Subdural Empyema Clinical Presentation

Updated: Oct 28, 2022
  • Author: Segun Toyin Dawodu, JD, MD, MS, MBA, LLM, FAAPMR, FAANEM; Chief Editor: Niranjan N Singh, MBBS, MD, DM, FAHS, FAANEM  more...
  • Print


A patient with subdural empyema could present with any of the following symptoms:

  • Fever - Temperature above 38°C (100.5°F)

  • Headache - Initially focal and later generalized

  • Recent history (< 2 wk) of sinusitis, [1] otitis media, mastoiditis, meningitis, cranial surgery or trauma, sinus surgery, or pulmonary infection

  • Confusion, drowsiness, stupor, or coma

  • Hemiparesis or hemiplegia

  • Seizure - Focal or generalized

  • Nausea or vomiting

  • Blurred vision (amblyopia)

  • Speech difficulty (dysphasia)

  • History of intracerebral abscess (recent or in the past)

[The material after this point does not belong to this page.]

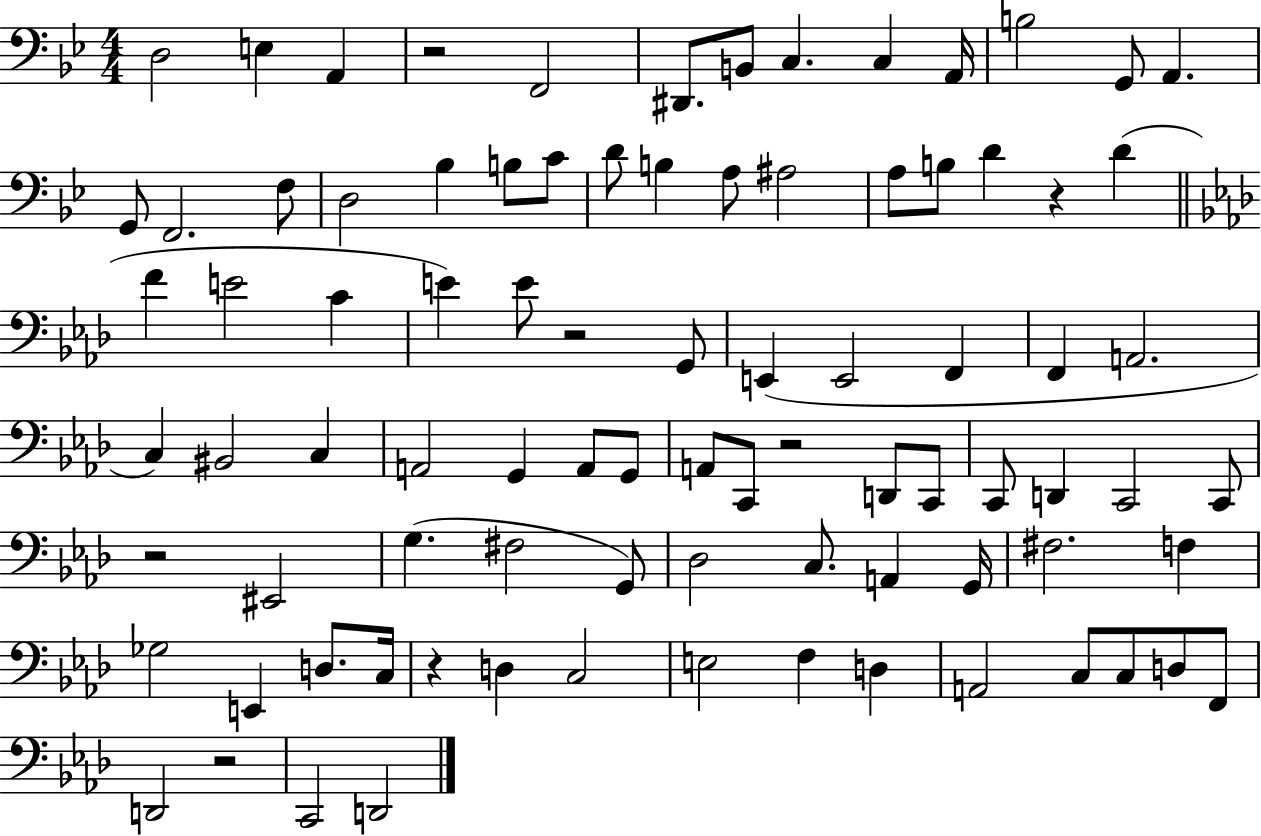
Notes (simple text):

D3/h E3/q A2/q R/h F2/h D#2/e. B2/e C3/q. C3/q A2/s B3/h G2/e A2/q. G2/e F2/h. F3/e D3/h Bb3/q B3/e C4/e D4/e B3/q A3/e A#3/h A3/e B3/e D4/q R/q D4/q F4/q E4/h C4/q E4/q E4/e R/h G2/e E2/q E2/h F2/q F2/q A2/h. C3/q BIS2/h C3/q A2/h G2/q A2/e G2/e A2/e C2/e R/h D2/e C2/e C2/e D2/q C2/h C2/e R/h EIS2/h G3/q. F#3/h G2/e Db3/h C3/e. A2/q G2/s F#3/h. F3/q Gb3/h E2/q D3/e. C3/s R/q D3/q C3/h E3/h F3/q D3/q A2/h C3/e C3/e D3/e F2/e D2/h R/h C2/h D2/h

A patient with subdural empyema may show some of the following signs:

  • Mental status changes - Confusion, drowsiness, stupor, and coma

  • Meningismus or meningeal signs

  • Hemiparesis or hemisensory deficits

  • Aphasia or dysarthria

  • Seizure

  • Sinus tenderness, swelling, or inflammation

  • Papilledema and other features of increased intracranial pressure, such as nausea/vomiting, mental status changes, and gait disturbance

  • Homonymous hemianopsia

  • Palsies of cranial nerves III, V, or VI, especially if the abscess is near a petrous portion of the temporal bone, causing facial pain and lateral rectus muscle weakness

  • Fixed, dilated pupil on the ipsilateral side due to compression of cranial nerve III



The most common cause is extension from paranasal sinusitis, especially from the frontal and ethmoidal sinuses. It could also arise as a complication of otitis media, mastoiditis, septicemia, subdural hematoma, [7] cranial trauma or surgery, or recent sinus surgery; by spread or extension from an intracerebral abscess; by hematogenous spread from pulmonary sources; or from septic thrombosis of cranial veins. Common causative organisms are anaerobes, aerobic streptococci, staphylococci, Haemophilus influenzae,Streptococcus pneumoniae, and other gram-negative bacilli.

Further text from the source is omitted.